CELEX: 62022CN0073
Language: en
Date: 2022-02-03 00:00:00
Title: Case C-73/22 P: Appeal brought on 3 February 2022 by Grupa Azoty S.A., Azomureș SA, Lipasmata Kavalas LTD Ypokatastima Allodapis against the order of the General Court (Fifth Chamber) delivered on 29 November 2021 in Case T-726/20, Grupa Azoty and Others v Commission

19.4.2022   
            
            
               EN
            
            
               Official Journal of the European Union
            
            
               C 165/29
            
         
      Appeal brought on 3 February 2022 by Grupa Azoty S.A., Azomureș SA, Lipasmata Kavalas LTD Ypokatastima Allodapis against the order of the General Court (Fifth Chamber) delivered on 29 November 2021 in Case T-726/20, Grupa Azoty and Others v Commission
      (Case C-73/22 P)
      (2022/C 165/39)
      Language of the case: English
      
         Parties
      
      
         Appellants: Grupa Azoty S.A., Azomureș SA, Lipasmata Kavalas LTD Ypokatastima Allodapis (represented by: D. Haverbeke, L. Ruessmann and P. Sellar, avocats)
      
         Other party to the proceedings: European Commission
      
         Form of order sought
      
      The appellants claim that the Court should:
      
                  —
               
               
                  set aside the order under appeal; and
               
            
                  —
               
               
                  declare the appellants' application under Article 263 TFEU for partial annulment of the Communication from the Commission of 25 September 2020 entitled ‘Guidelines on certain State aid measures in the context of the system for greenhouse gas emission allowance trading post-2021’ (1) admissible; or
               
            
                  —
               
               
                  in the alternative, set aside the order under appeal on the ground that the General Court should have reserved the decision on admissibility until consideration of the merits of the substance of the application; and
               
            
                  —
               
               
                  refer the case back to the General Court for consideration on the merits; and
               
            
                  —
               
               
                  award the costs of these proceedings to the appellants; and
               
            
                  —
               
               
                  reserve the question of the costs of the proceedings before the General Court once it has completed its full consideration of the application.
               
            
         Pleas in law and main arguments
      
      In support of the appeal, the appellants rely on two pleas in law.
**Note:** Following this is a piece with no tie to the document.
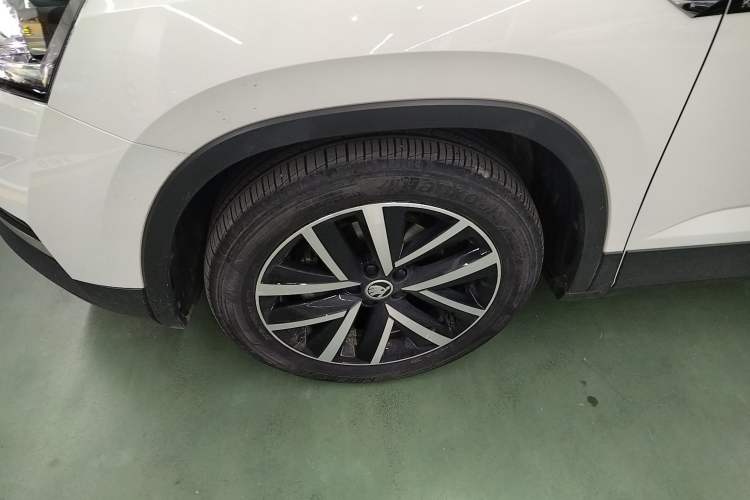Used Skoda Kamiq 2024 1.5L Automatic Comfort Edition Exterior 4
      First plea in law: inadequate statement of reasons.
      
                  —
               
               
                  The General Court did not discharge its duty to provide an adequate statement of reasons. First, in paragraphs 34 to 48 and 49 to 51 of the order under appeal, the General Court failed to address the arguments put to it by the appellants and to establish the facts of the case before it. Second, it failed to explain why it is that only Commission decisions adopted under a specific piece of secondary legislation can be of direct concern to the appellants. That affects paragraph 38 of the order under appeal.
               
            Second plea in law: General Court erred in law by stating that the appellants were not directly concerned.
      
                  —
               
               
                  The General Court refers to settled case law to recite the test for direct concern in paragraphs 26 to 30 of the order under appeal. As part of that test of direct concern, the General Court must assess the content, nature, purpose and substance of the act that is being challenged, as well as the factual and legal context of which it forms part. The General Court erred in law in its assessment of the Article 263 TFEU requirement of ‘direct concern’ by failing to do that. That affects paragraphs 34 to 48 of the order under appeal. The General Court has created a scenario in which the appellants are left with no legal remedy. By failing to follow and properly apply the test for assessing direct concern, the General Court erred in law.
               
            In the alternative, the General Court should have reserved judgment on the admissibility until after consideration of the application on the merits.
      
                  —
               
               
                  Paragraphs 7 and 8 of Article 130(3) of the General Court's Rules of Procedure require the General Court to reserve its decision on a plea of inadmissibility until it rules on the substance of the case where special circumstances so justify, and to subsequently prescribe new time limits for further steps in the procedure. Per settled case law, those special circumstances exist where a reservation is needed for the proper administration of justice.
               
            
                  —
               
               
                  The General Court was required to assess the nature, content and context of the contested act to determine if it was of direct concern to the appellants. For that, it is necessary to look at the act's substance and whether it imposes independent legal obligations on Member States. There is overlap between that assessment and the first plea in law on the merits regarding the Commission's lack of competence to adopt Annex I of the contested act. By not reserving its decision on the Commission's plea on inadmissibility until it had heard the arguments on the merits, the General Court infringed the provisions of paragraph 7 and 8 of Article 130 of its Rules of Procedure.